Some of this data was accessible by up to 50 managers and was collected in order to “obtain a detailed profile of employees for measures and decisions regarding their employment”, according to the privacy watchdog, which described the incident as “a particularly intensive encroachment on employees’ civil rights”.
H&M reported the incident to the data protection authority in October 2019 after the data became accessible company-wide for a number of hours. In a statement the company said:
“After the incident was discovered and reported, H&M immediately initiated far-reaching measures in the Nuremberg service center. To improve this, a comprehensive action plan was put in place to improve internal audit practices, to ensure compliance with data protection regulations and to strengthen the knowledge of managers to ensure a safe and data protection-compliant work environment, as well as additional training for employees and managers in this area.”
The company is also offering financial compensation to current employees and those that have worked at the Nuremberg Service Center for at least one month since GDPR came into force. It highlighted that the processing of employee data in the Nuremberg Service Center did not comply with the guidelines.
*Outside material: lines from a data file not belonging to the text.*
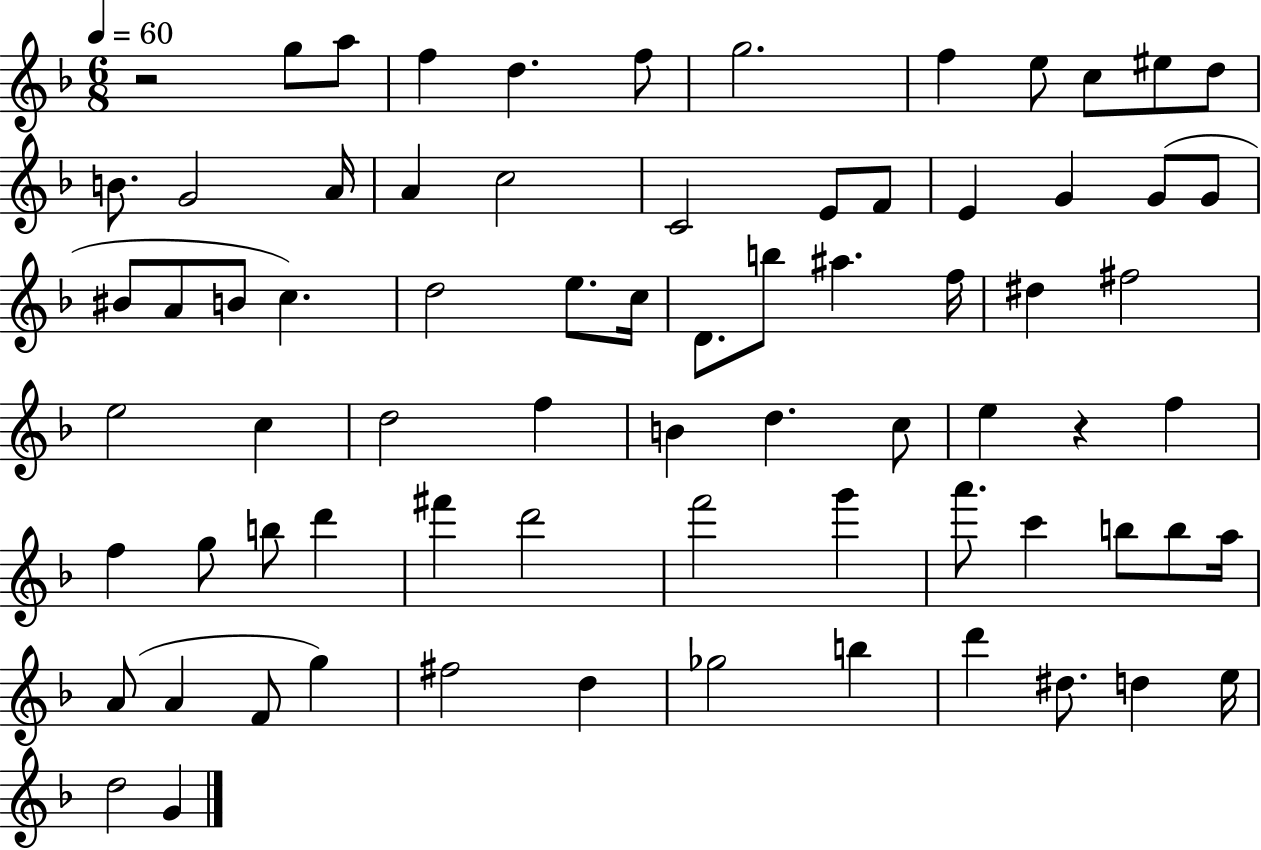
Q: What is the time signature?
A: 6/8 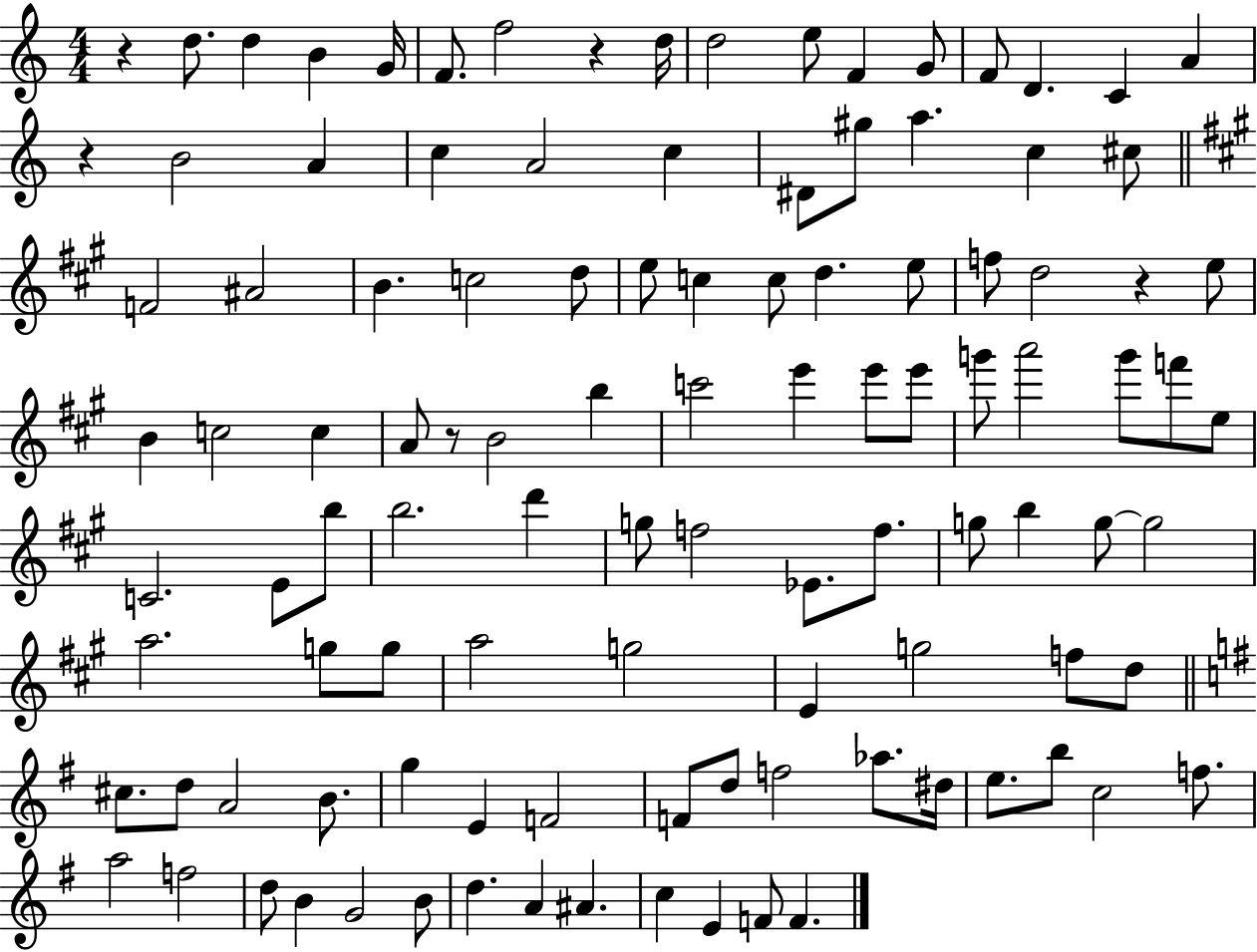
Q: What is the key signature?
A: C major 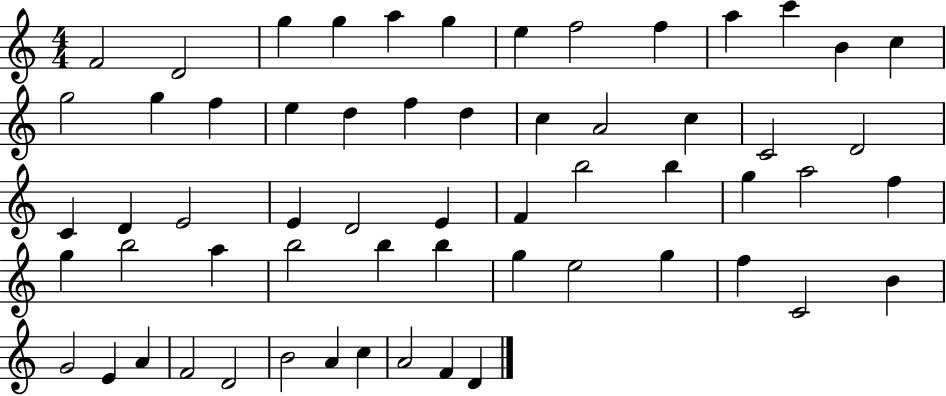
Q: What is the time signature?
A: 4/4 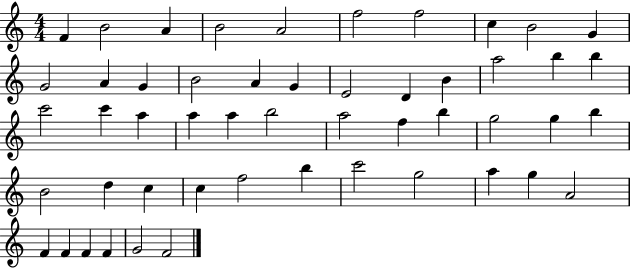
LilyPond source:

{
  \clef treble
  \numericTimeSignature
  \time 4/4
  \key c \major
  f'4 b'2 a'4 | b'2 a'2 | f''2 f''2 | c''4 b'2 g'4 | \break g'2 a'4 g'4 | b'2 a'4 g'4 | e'2 d'4 b'4 | a''2 b''4 b''4 | \break c'''2 c'''4 a''4 | a''4 a''4 b''2 | a''2 f''4 b''4 | g''2 g''4 b''4 | \break b'2 d''4 c''4 | c''4 f''2 b''4 | c'''2 g''2 | a''4 g''4 a'2 | \break f'4 f'4 f'4 f'4 | g'2 f'2 | \bar "|."
} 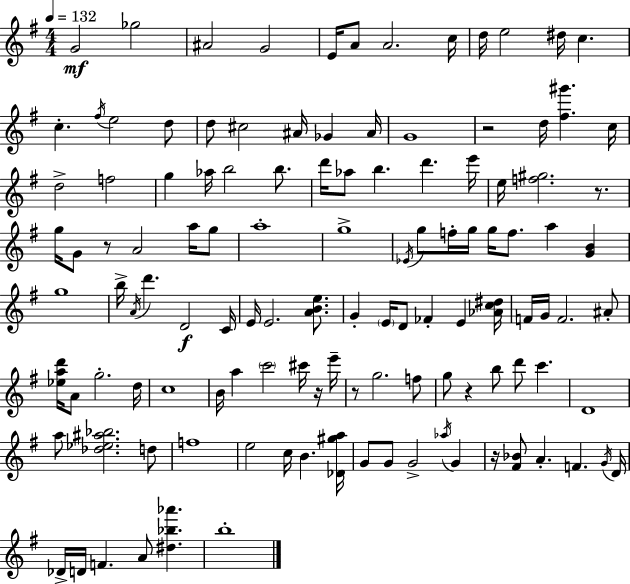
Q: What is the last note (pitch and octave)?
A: B5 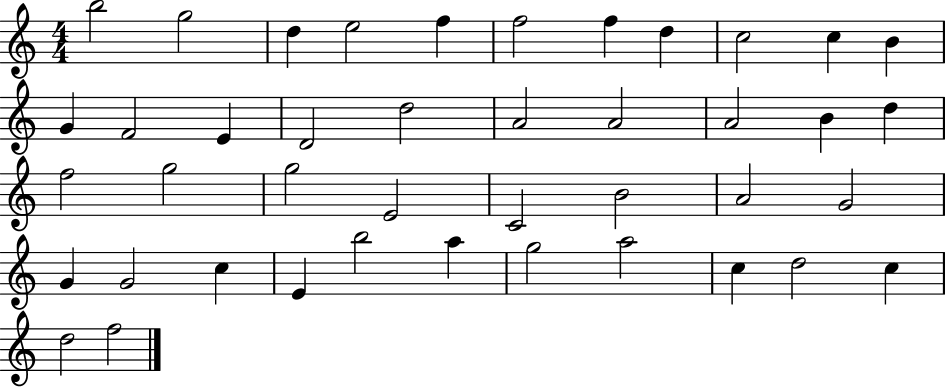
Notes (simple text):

B5/h G5/h D5/q E5/h F5/q F5/h F5/q D5/q C5/h C5/q B4/q G4/q F4/h E4/q D4/h D5/h A4/h A4/h A4/h B4/q D5/q F5/h G5/h G5/h E4/h C4/h B4/h A4/h G4/h G4/q G4/h C5/q E4/q B5/h A5/q G5/h A5/h C5/q D5/h C5/q D5/h F5/h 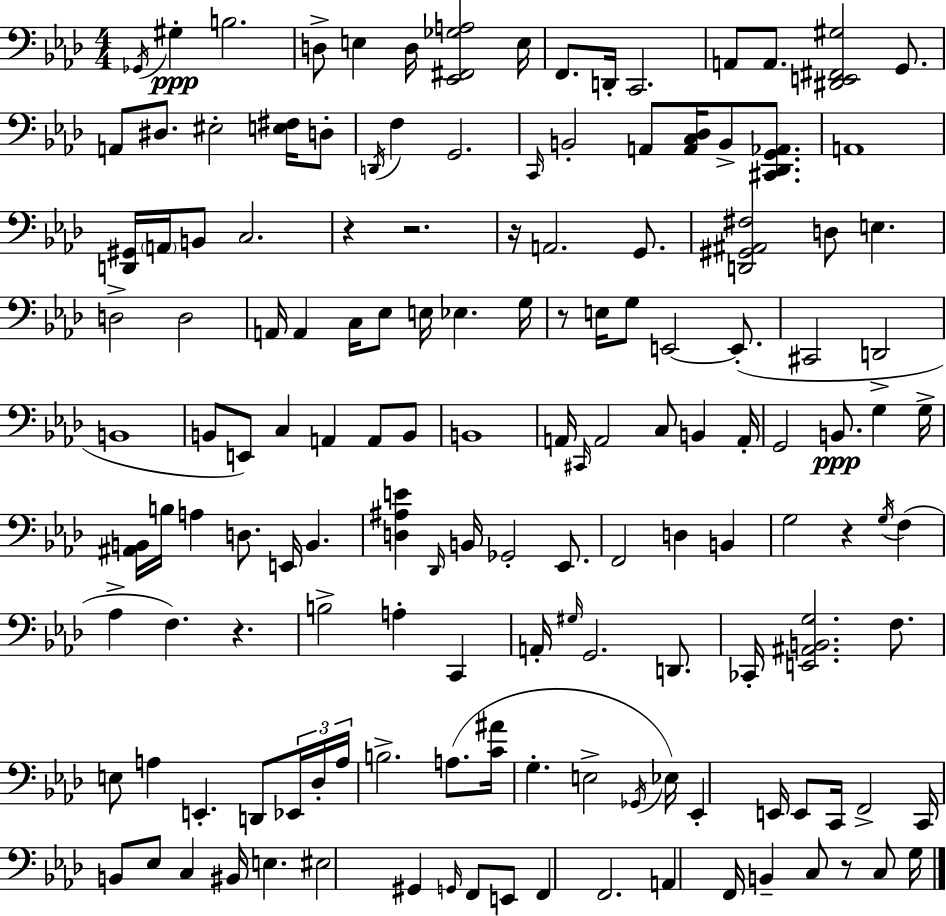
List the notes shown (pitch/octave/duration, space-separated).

Gb2/s G#3/q B3/h. D3/e E3/q D3/s [Eb2,F#2,Gb3,A3]/h E3/s F2/e. D2/s C2/h. A2/e A2/e. [D#2,E2,F#2,G#3]/h G2/e. A2/e D#3/e. EIS3/h [E3,F#3]/s D3/e D2/s F3/q G2/h. C2/s B2/h A2/e [A2,C3,Db3]/s B2/e [C#2,Db2,G2,Ab2]/e. A2/w [D2,G#2]/s A2/s B2/e C3/h. R/q R/h. R/s A2/h. G2/e. [D2,G#2,A#2,F#3]/h D3/e E3/q. D3/h D3/h A2/s A2/q C3/s Eb3/e E3/s Eb3/q. G3/s R/e E3/s G3/e E2/h E2/e. C#2/h D2/h B2/w B2/e E2/e C3/q A2/q A2/e B2/e B2/w A2/s C#2/s A2/h C3/e B2/q A2/s G2/h B2/e. G3/q G3/s [A#2,B2]/s B3/s A3/q D3/e. E2/s B2/q. [D3,A#3,E4]/q Db2/s B2/s Gb2/h Eb2/e. F2/h D3/q B2/q G3/h R/q G3/s F3/q Ab3/q F3/q. R/q. B3/h A3/q C2/q A2/s G#3/s G2/h. D2/e. CES2/s [E2,A#2,B2,G3]/h. F3/e. E3/e A3/q E2/q. D2/e Eb2/s Db3/s A3/s B3/h. A3/e. [C4,A#4]/s G3/q. E3/h Gb2/s Eb3/s Eb2/q E2/s E2/e C2/s F2/h C2/s B2/e Eb3/e C3/q BIS2/s E3/q. EIS3/h G#2/q G2/s F2/e E2/e F2/q F2/h. A2/q F2/s B2/q C3/e R/e C3/e G3/s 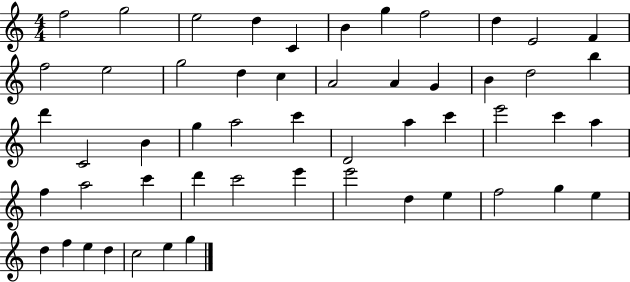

Commenting on H&M’s response to the incident, Professor Dr Johannes Caspar, Hamburg’s commissioner for data protection and freedom of information said that “the transparent information provided by those responsible and the guarantee of financial compensation certainly show the intention to give the employees the respect and appreciation they deserve”.
Dr Francis Gaffney, Director of Threat intelligence at Mimecast said:
“GDPR is not just something else an organisation needs to comply with, but rather benefit from the behaviours GDPR is designed to encourage. Organisations shouldn’t view regulation such as this as a burden and start to view it through the lens of their customers, partners, or employees. If someone trusts you with their data, you owe it to them to be completely honest about what data you are collecting and to protect it, know exactly how (and where) it is stored, and who can access that data.
“Many organisations are having to pay penalties for such data breaches and it is only afterwards that the true cost of a breach is realised and those previously perceived potential savings from not investing in security and data management solutions is trivial compared to the significant financial penalties. Furthermore, it is often the case that the damage to the organisation’s reputation and branding dwarfs the fine imposed.”